What you are asked to do: Of all the lines in the records below, copy only those that contain the string "from".

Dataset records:
_ _ _ _
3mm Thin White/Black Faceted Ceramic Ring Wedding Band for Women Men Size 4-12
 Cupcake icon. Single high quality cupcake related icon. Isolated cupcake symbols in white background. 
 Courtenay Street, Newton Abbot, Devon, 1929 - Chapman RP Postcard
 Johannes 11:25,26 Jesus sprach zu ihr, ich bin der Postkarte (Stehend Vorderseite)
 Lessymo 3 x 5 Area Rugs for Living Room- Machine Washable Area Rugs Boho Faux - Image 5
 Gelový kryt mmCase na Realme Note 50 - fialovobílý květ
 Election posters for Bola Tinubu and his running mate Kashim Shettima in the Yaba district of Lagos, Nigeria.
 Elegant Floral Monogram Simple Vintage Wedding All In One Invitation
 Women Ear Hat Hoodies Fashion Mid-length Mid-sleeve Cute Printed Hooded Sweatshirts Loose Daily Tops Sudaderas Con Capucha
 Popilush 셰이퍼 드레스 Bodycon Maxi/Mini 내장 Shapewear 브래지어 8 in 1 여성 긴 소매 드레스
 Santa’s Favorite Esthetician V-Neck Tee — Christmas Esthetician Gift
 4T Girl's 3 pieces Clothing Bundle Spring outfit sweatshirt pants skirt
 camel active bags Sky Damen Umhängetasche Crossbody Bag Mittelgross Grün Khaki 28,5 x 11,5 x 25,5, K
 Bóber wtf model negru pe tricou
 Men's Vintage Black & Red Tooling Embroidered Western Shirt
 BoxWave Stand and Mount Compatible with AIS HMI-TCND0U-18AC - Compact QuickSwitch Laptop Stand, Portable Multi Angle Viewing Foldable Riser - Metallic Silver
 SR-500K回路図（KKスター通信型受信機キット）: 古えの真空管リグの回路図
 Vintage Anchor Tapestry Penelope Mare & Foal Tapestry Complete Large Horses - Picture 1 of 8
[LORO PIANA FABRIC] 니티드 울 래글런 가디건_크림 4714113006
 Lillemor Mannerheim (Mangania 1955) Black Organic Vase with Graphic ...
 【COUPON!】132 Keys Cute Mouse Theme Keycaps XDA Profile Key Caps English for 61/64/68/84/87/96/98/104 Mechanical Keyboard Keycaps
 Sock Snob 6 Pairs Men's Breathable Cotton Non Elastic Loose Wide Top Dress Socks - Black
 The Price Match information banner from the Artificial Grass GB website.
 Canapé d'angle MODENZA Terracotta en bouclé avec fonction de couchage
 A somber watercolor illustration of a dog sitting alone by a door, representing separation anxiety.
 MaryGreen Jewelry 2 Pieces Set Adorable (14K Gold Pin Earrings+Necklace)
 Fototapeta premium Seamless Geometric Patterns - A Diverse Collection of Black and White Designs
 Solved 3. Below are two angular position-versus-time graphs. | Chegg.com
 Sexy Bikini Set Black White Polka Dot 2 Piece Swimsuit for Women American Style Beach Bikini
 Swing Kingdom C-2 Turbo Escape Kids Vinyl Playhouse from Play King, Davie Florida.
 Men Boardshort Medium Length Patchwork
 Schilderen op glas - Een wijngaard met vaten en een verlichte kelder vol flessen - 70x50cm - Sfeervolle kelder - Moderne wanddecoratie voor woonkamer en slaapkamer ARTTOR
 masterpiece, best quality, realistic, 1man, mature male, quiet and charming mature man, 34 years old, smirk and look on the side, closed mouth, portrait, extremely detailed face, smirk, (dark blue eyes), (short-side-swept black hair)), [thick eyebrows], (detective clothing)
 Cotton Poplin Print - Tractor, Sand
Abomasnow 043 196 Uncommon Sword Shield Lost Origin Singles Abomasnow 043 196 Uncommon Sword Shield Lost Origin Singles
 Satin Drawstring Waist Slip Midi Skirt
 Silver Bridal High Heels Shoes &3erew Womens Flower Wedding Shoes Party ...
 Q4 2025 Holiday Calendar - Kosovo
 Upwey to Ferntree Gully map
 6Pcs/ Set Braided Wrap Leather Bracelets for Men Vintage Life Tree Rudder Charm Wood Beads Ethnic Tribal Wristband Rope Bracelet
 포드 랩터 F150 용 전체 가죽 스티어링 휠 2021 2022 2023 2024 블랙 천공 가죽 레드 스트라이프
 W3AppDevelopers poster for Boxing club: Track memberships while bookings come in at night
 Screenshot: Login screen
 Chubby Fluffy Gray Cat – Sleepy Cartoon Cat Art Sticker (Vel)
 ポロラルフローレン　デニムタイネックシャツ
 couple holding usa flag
_ _ _ _
Task response:
 The Price Match information banner from the Artificial Grass GB website.
 Swing Kingdom C-2 Turbo Escape Kids Vinyl Playhouse from Play King, Davie Florida.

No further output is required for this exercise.